*** DATA RECORDS Section Begins ***
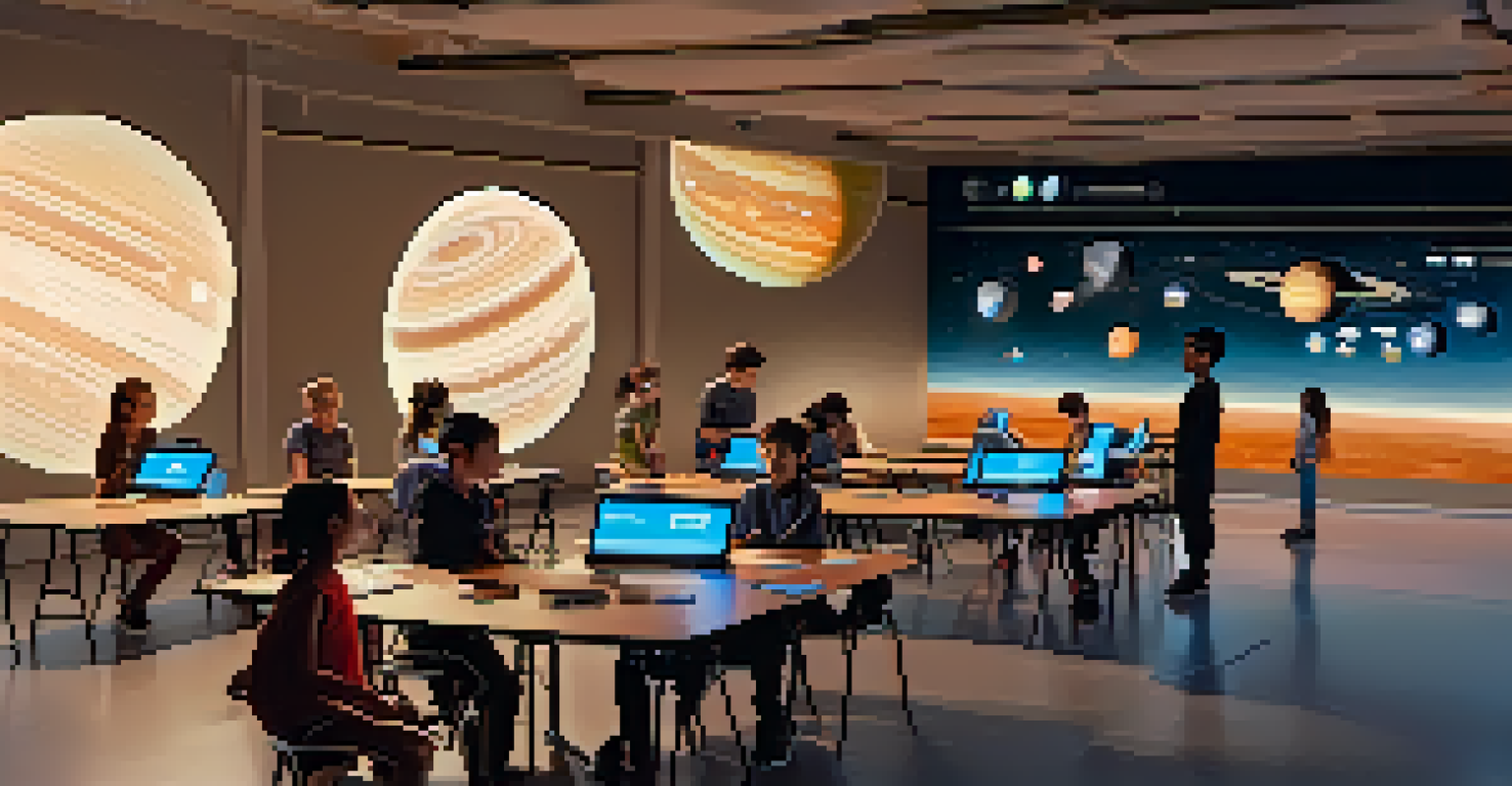 Students in a dimly lit room using augmented reality devices to explore a virtual solar system, engaged in discussion.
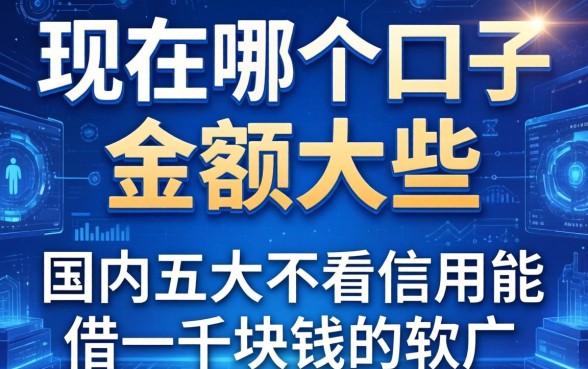现在哪个口子金额大些，国内五大不看信用能借一千块钱的软件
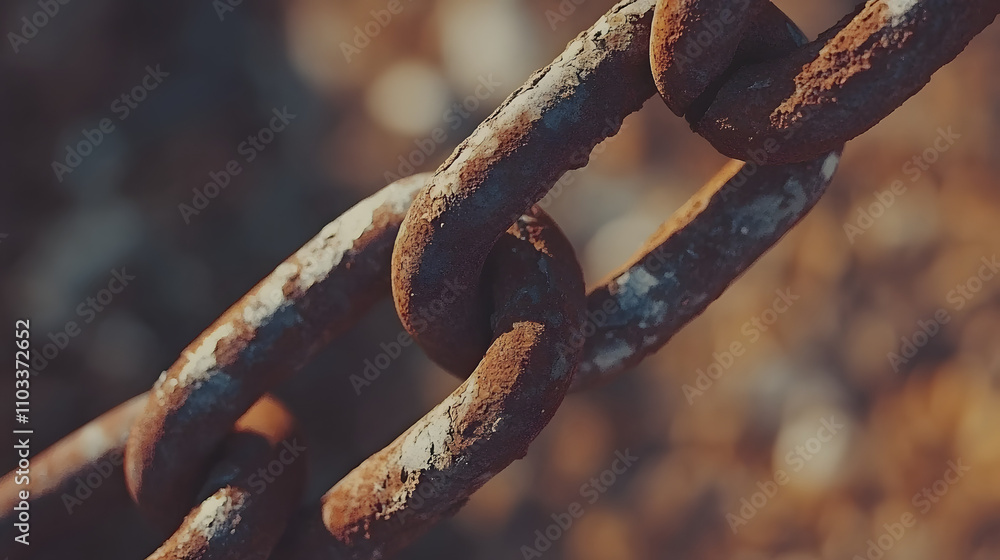 Poster close-up of a rusty chain, showing texture and detail. the blurred background emphasizes the chain's
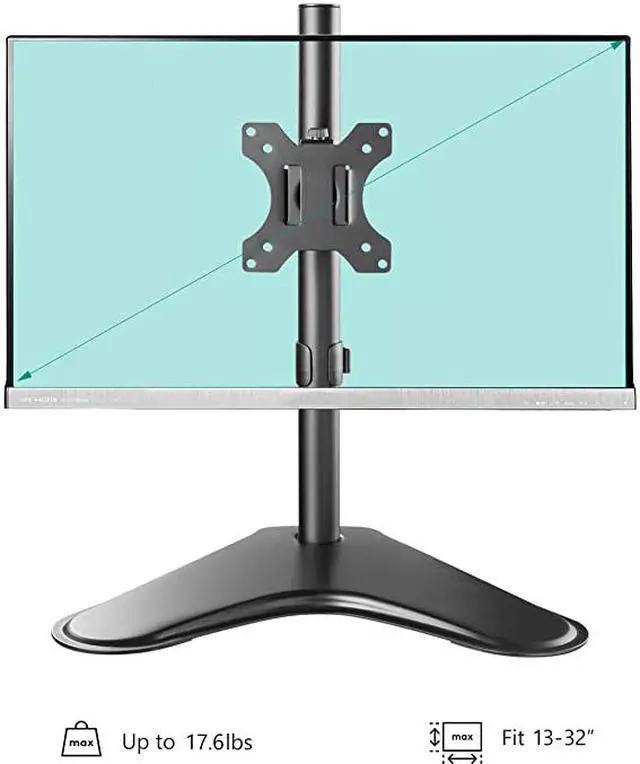 Alt view image 5 of 7 - Free Standing Single LCD Monitor Fully Adjustable Desk Mount Fits 1 Screen up to 32 inch 176 lbs Weight Capacity MF001 Black
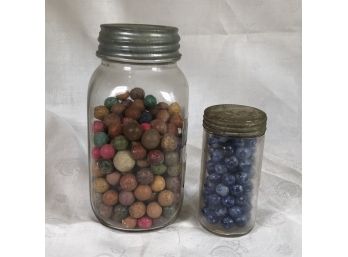 Two Jars Of Antique Clay Marbles - GREAT LOT - NICE LOT - 50 Year Collection - All For One Bid !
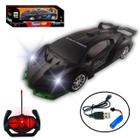 Super Carrinho Controle Remoto Preto Recarregável Farois Led Infantil Bugati Brinquedo Carro Ferrari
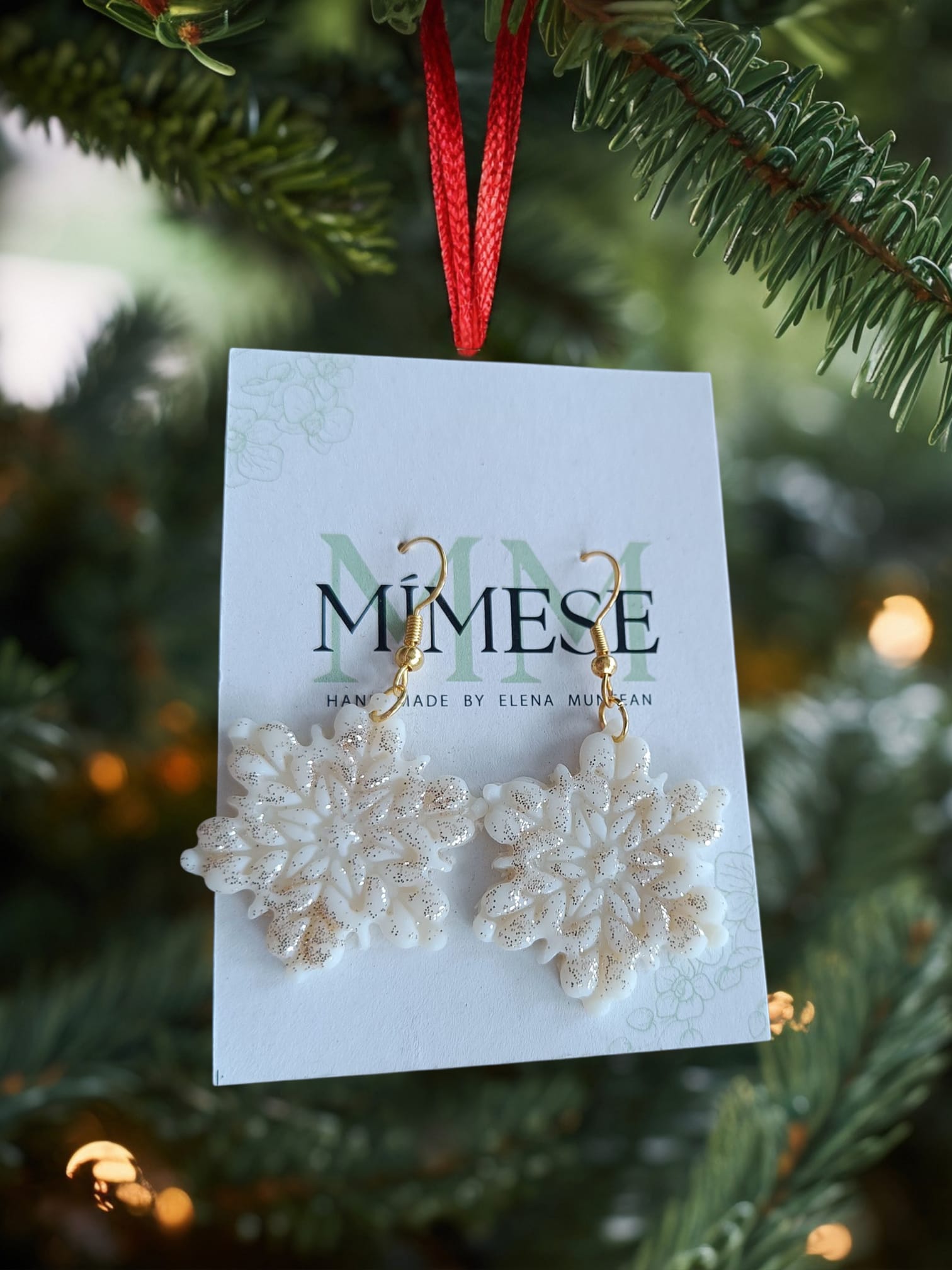 PENDIENTES COPO DE NIEVE BLANCO - Imagen 2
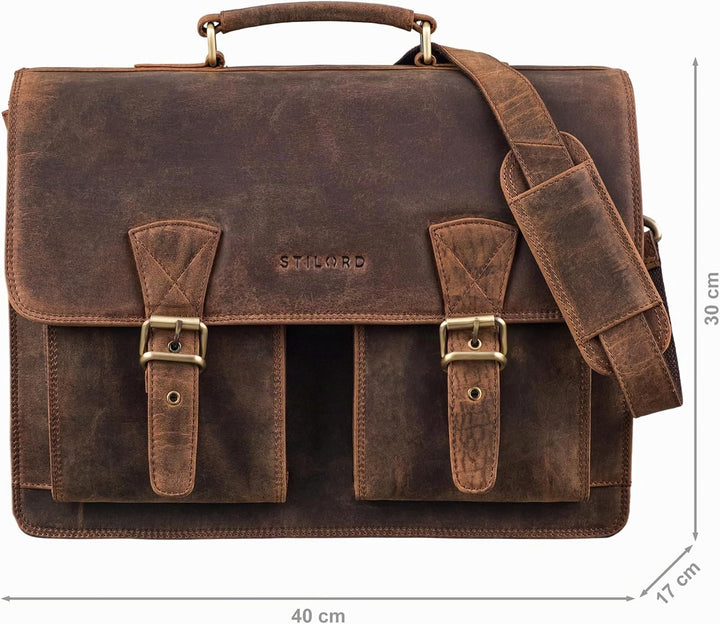 STILORD "Jeffrey Lehrertasche Aktentasche Leder Grosse Vintage Ledertasche zum Umhängen 15.6 Zoll La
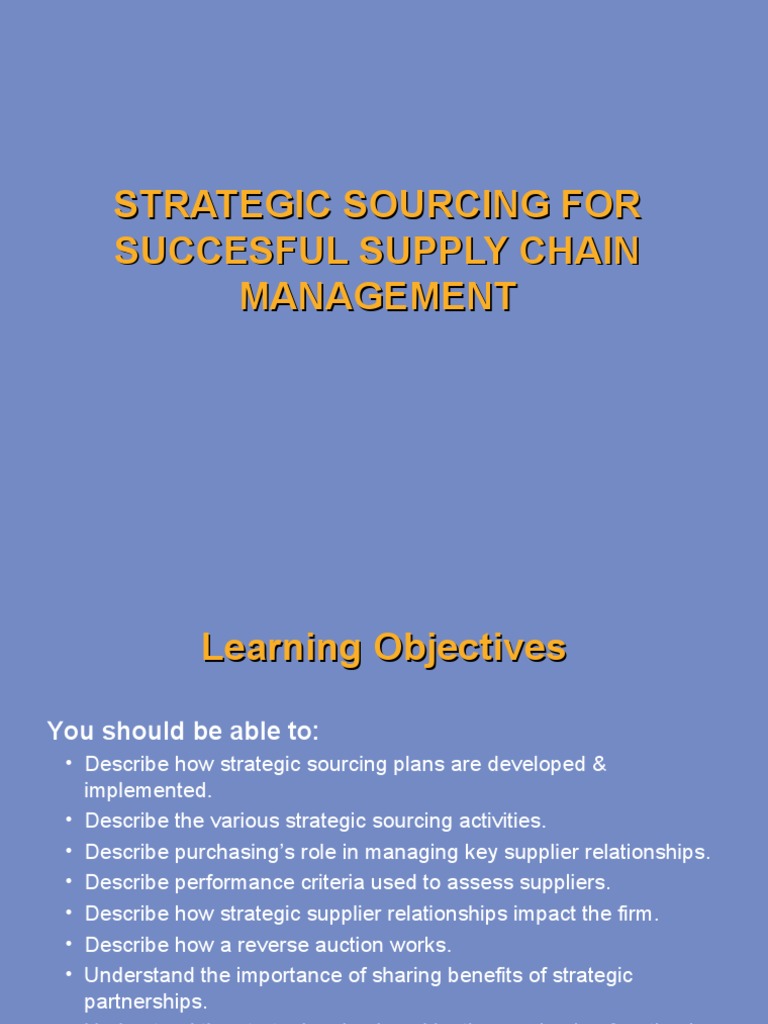 Strategic Sourcing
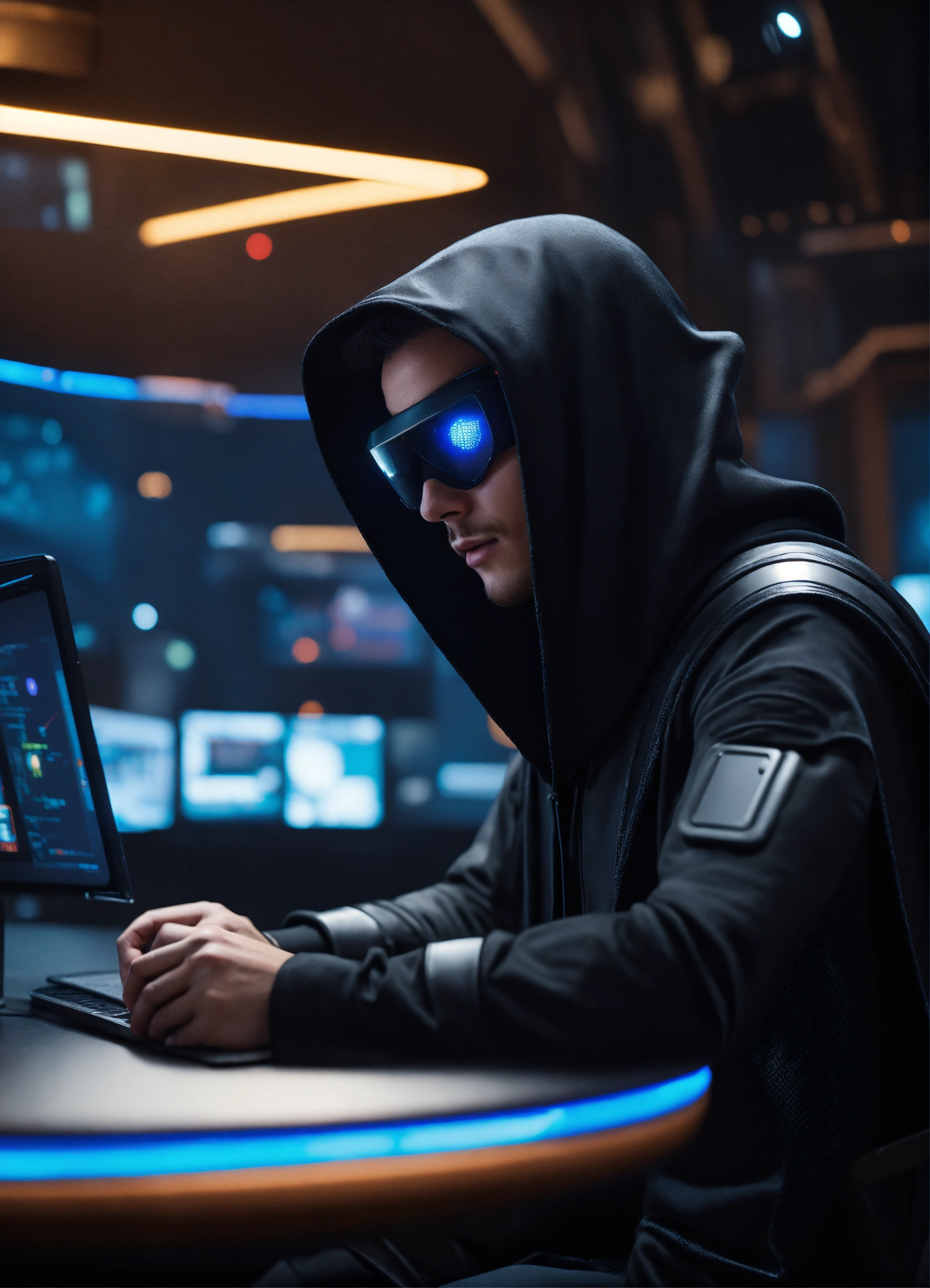 Lexica - Nerdy 25 year old male hacker wearing futuristic black cloak ...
*** DATA RECORDS Section Ends ***
(WORK REQUIRED): An exact copy of the lines from the one with "现在哪个口子金额大些，国内五大不看信用能借一千块钱的软件" through the end of the entries above, both included, is the whole answer. It contains no pictures.

(RESPONSE FOR THIS EXERCISE):
现在哪个口子金额大些，国内五大不看信用能借一千块钱的软件
 Poster close-up of a rusty chain, showing texture and detail. the blurred background emphasizes the chain's
 Alt view image 5 of 7 - Free Standing Single LCD Monitor Fully Adjustable Desk Mount Fits 1 Screen up to 32 inch 176 lbs Weight Capacity MF001 Black
 Two Jars Of Antique Clay Marbles - GREAT LOT - NICE LOT - 50 Year Collection - All For One Bid !
 Super Carrinho Controle Remoto Preto Recarregável Farois Led Infantil Bugati Brinquedo Carro Ferrari
 PENDIENTES COPO DE NIEVE BLANCO - Imagen 2
 STILORD "Jeffrey Lehrertasche Aktentasche Leder Grosse Vintage Ledertasche zum Umhängen 15.6 Zoll La
 Strategic Sourcing
 Lexica - Nerdy 25 year old male hacker wearing futuristic black cloak ...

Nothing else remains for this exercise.